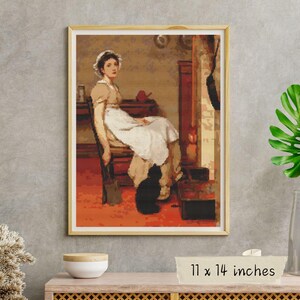 Her eerste plaats kruissteekpatroon pdf – Victoriaans meisje met zwarte kat-kaart, G.D. Leslie Art, borduurmotief direct downloaden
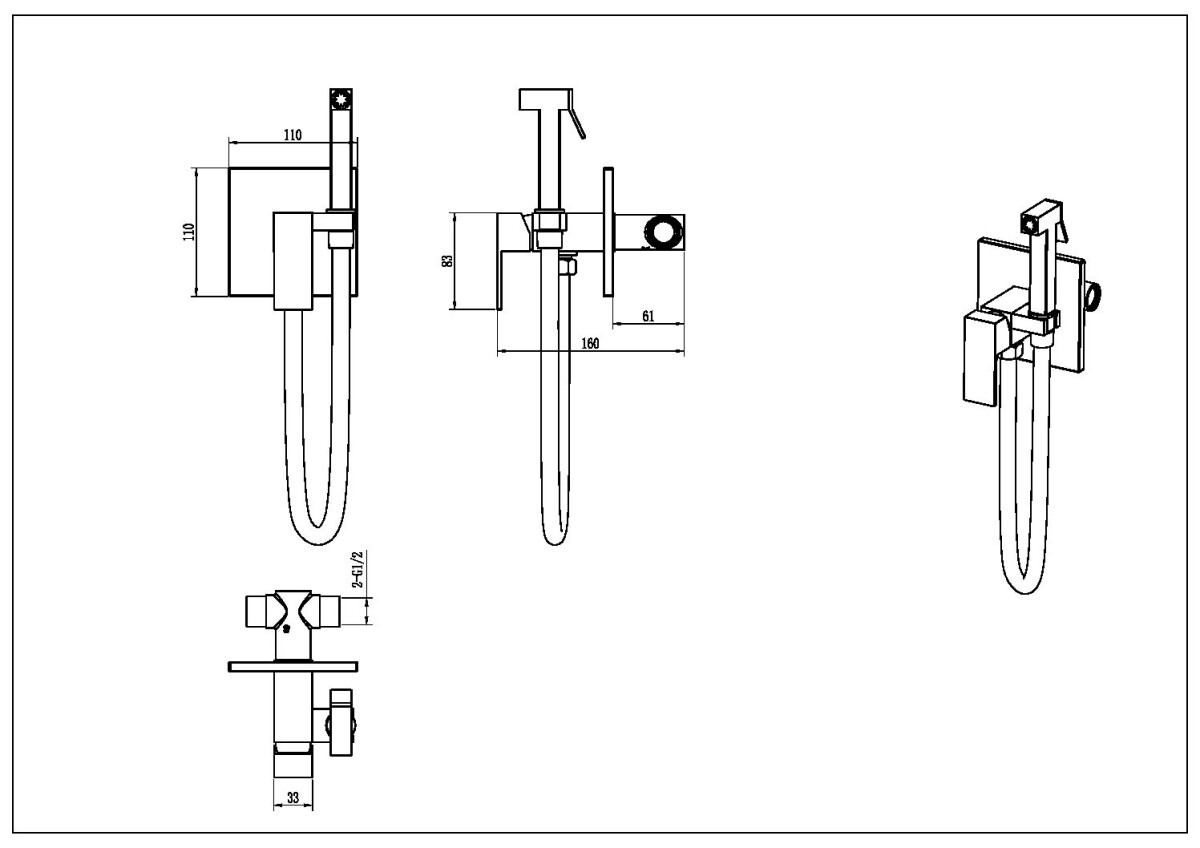 Гигиенический душ со смесителем Boheme Qubic Matt Gun Metal 477-GM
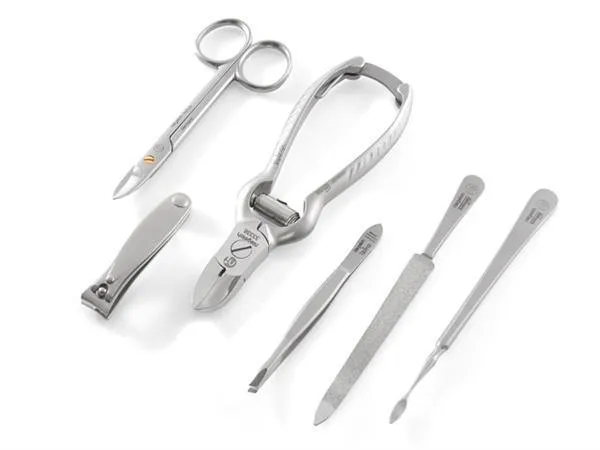 "IMANTADO Zip L"  INOX Stainless Steel Pedicure Set in Zipped Black Leather Case by Niegeloh, Germany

#### EXERCISE INSTRUCTIONS:
Return every line above word for word, minus images.

#### EXPECTED ANSWER:
 Her eerste plaats kruissteekpatroon pdf – Victoriaans meisje met zwarte kat-kaart, G.D. Leslie Art, borduurmotief direct downloaden
 Гигиенический душ со смесителем Boheme Qubic Matt Gun Metal 477-GM
 "IMANTADO Zip L"  INOX Stainless Steel Pedicure Set in Zipped Black Leather Case by Niegeloh, Germany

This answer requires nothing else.